Stored data entries
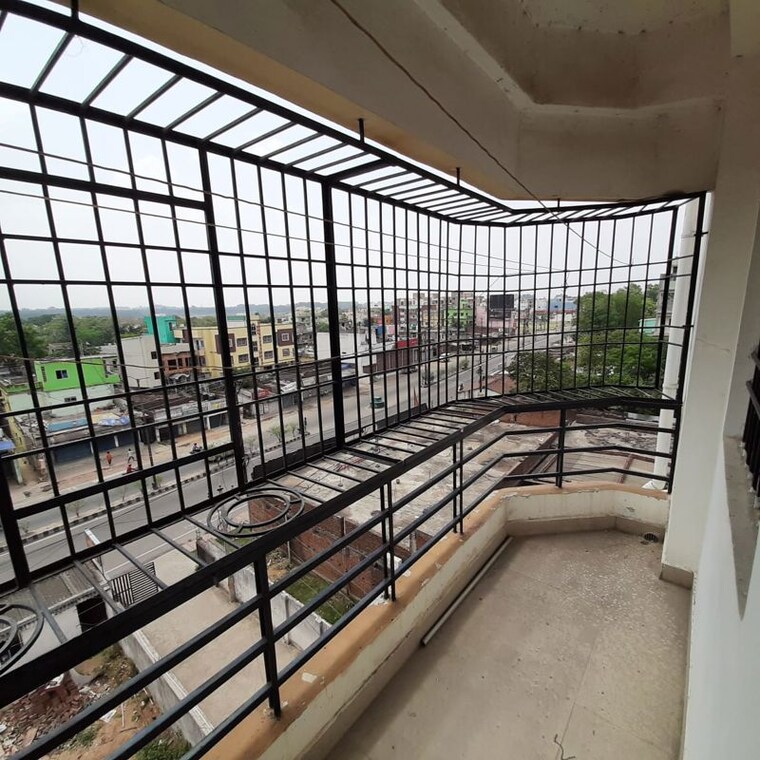 Balcony, lalpur 2 Bedroom 1400 Sq.Ft. Apartment In Lalpur Ranchi 9715888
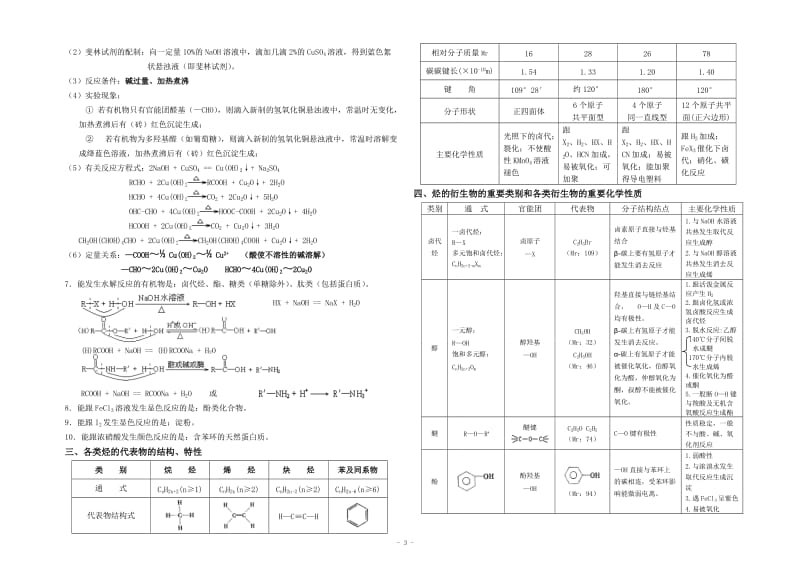 高中化学选修选修五知识点整理.doc_第3页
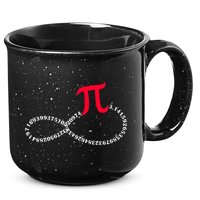 Infinite PI Numbers 15oz Campfire Ceramic Mug
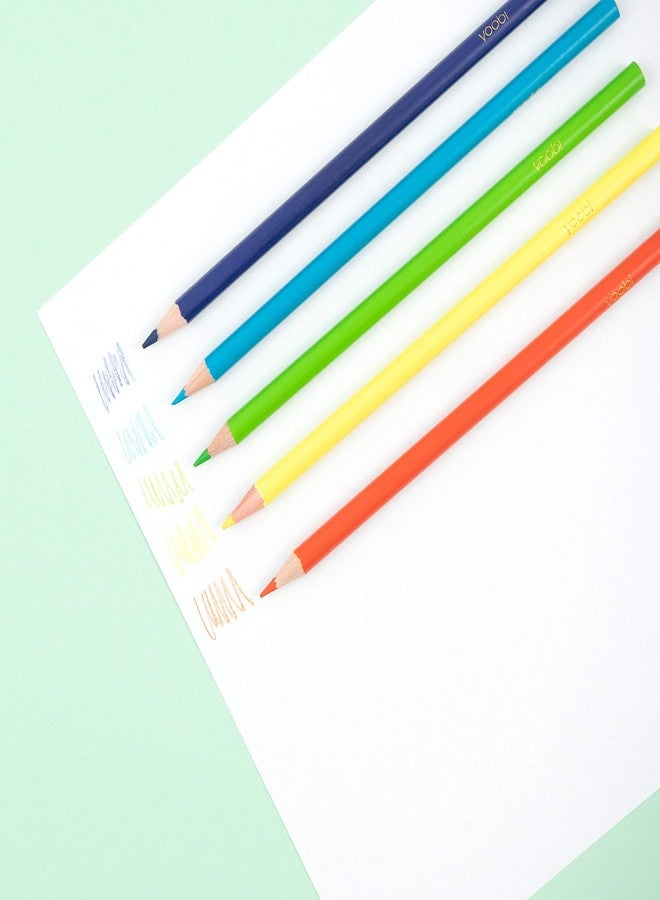 Yoobi | Colored Pencils Set | Multicolor Pack of 100 (YOOB1202562) - Image 2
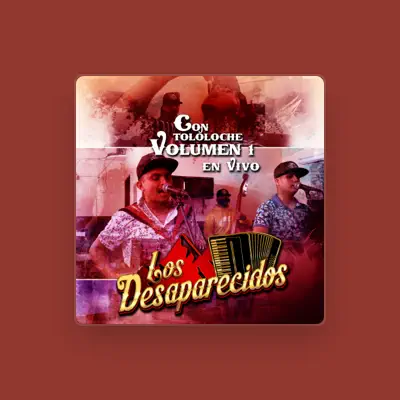 Listen to Los Desaparecidos, watch music videos, read bio, see tour dates & more!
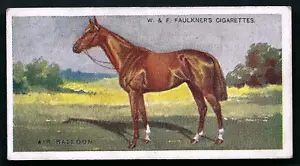 FAULKNER - PROMINENT RACEHORSES OF THE PRESENT DAY - #1 AIR BALLOON - Picture 1 of 2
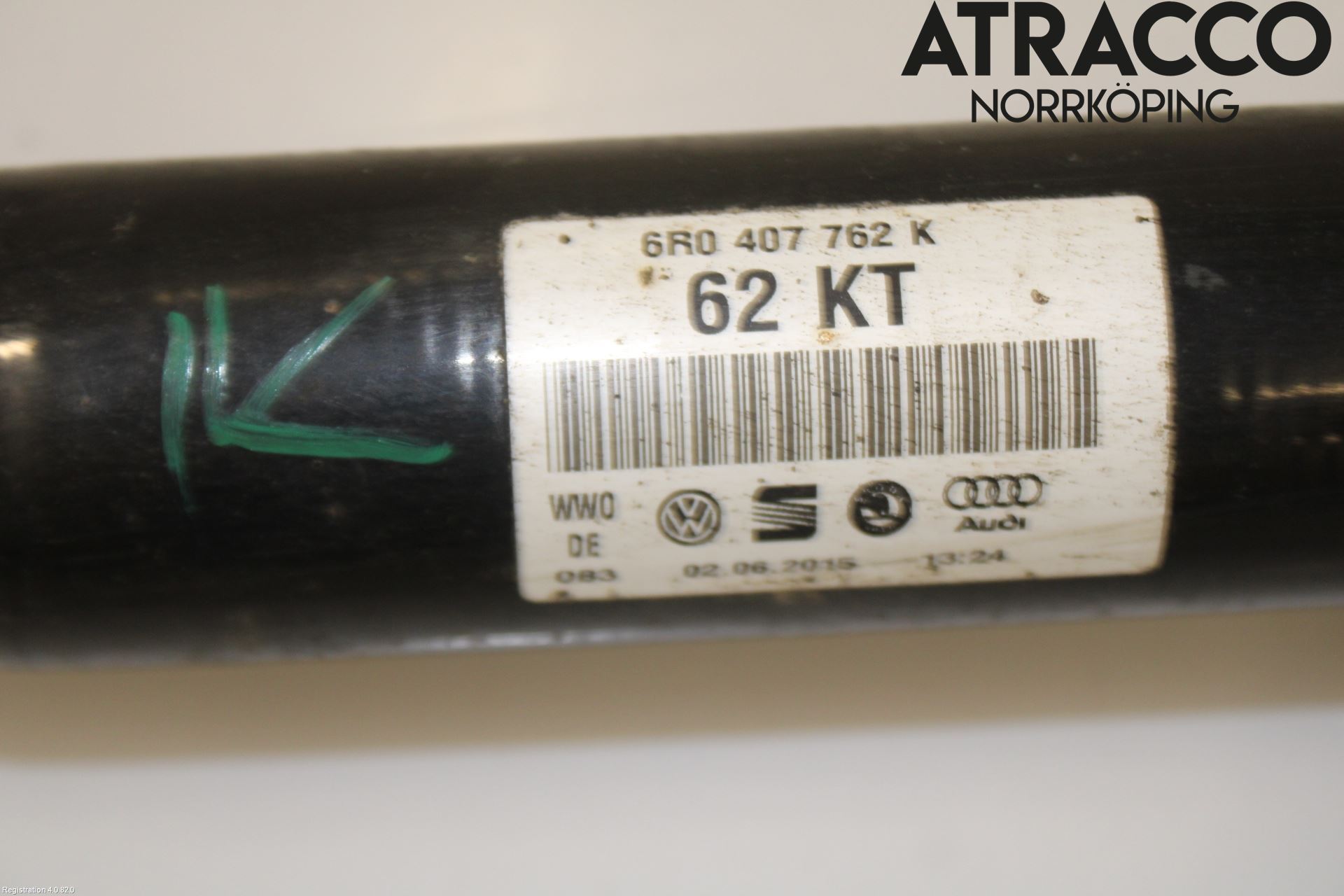 Skoda FABIA 15-21 Drivaxel Fram Höger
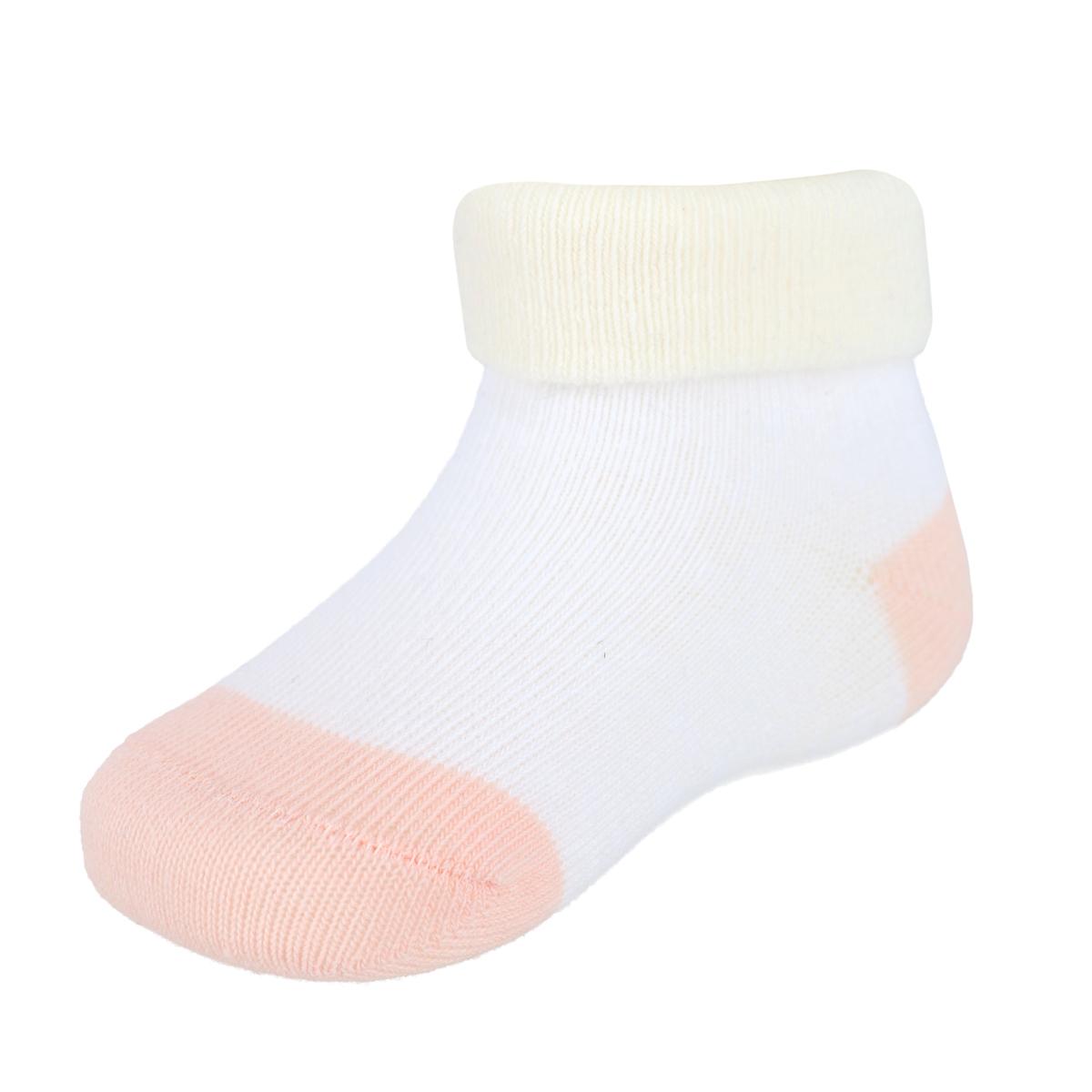 CTM Infant's Soft & Fancy Solid and Patterned Socks (3 Pack) - Picture 9 of 13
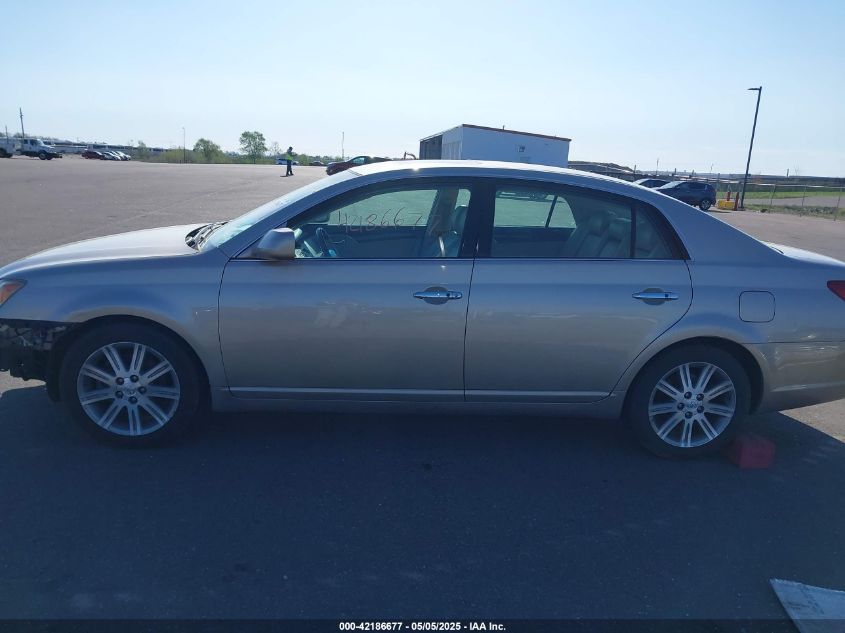 2008 Toyota Avalon Limited VIN: 4T1BK36B48U256087 Lot: 42186677
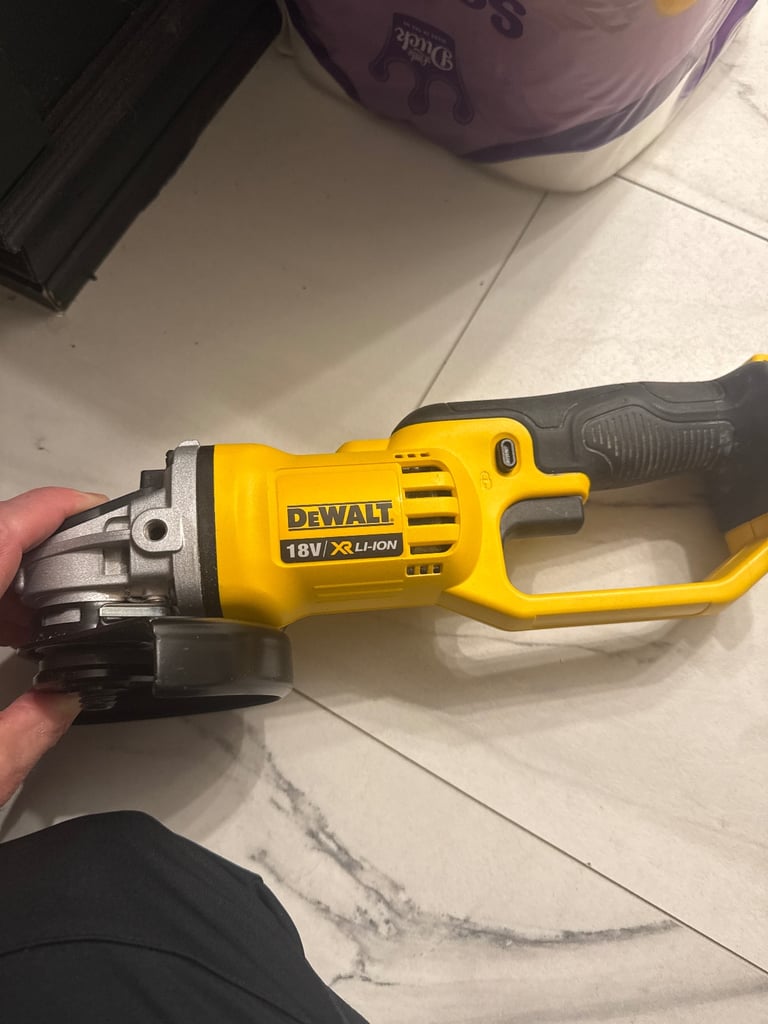 image for dewalt grinder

* Exercise brief
Output the entries above exactly as given, but strip out the pictures.

* Completed exercise
 Balcony, lalpur 2 Bedroom 1400 Sq.Ft. Apartment In Lalpur Ranchi 9715888
 高中化学选修选修五知识点整理.doc_第3页
 Infinite PI Numbers 15oz Campfire Ceramic Mug
 Yoobi | Colored Pencils Set | Multicolor Pack of 100 (YOOB1202562) - Image 2
 Listen to Los Desaparecidos, watch music videos, read bio, see tour dates & more!
 FAULKNER - PROMINENT RACEHORSES OF THE PRESENT DAY - #1 AIR BALLOON - Picture 1 of 2
 Skoda FABIA 15-21 Drivaxel Fram Höger
 CTM Infant's Soft & Fancy Solid and Patterned Socks (3 Pack) - Picture 9 of 13
 2008 Toyota Avalon Limited VIN: 4T1BK36B48U256087 Lot: 42186677
 image for dewalt grinder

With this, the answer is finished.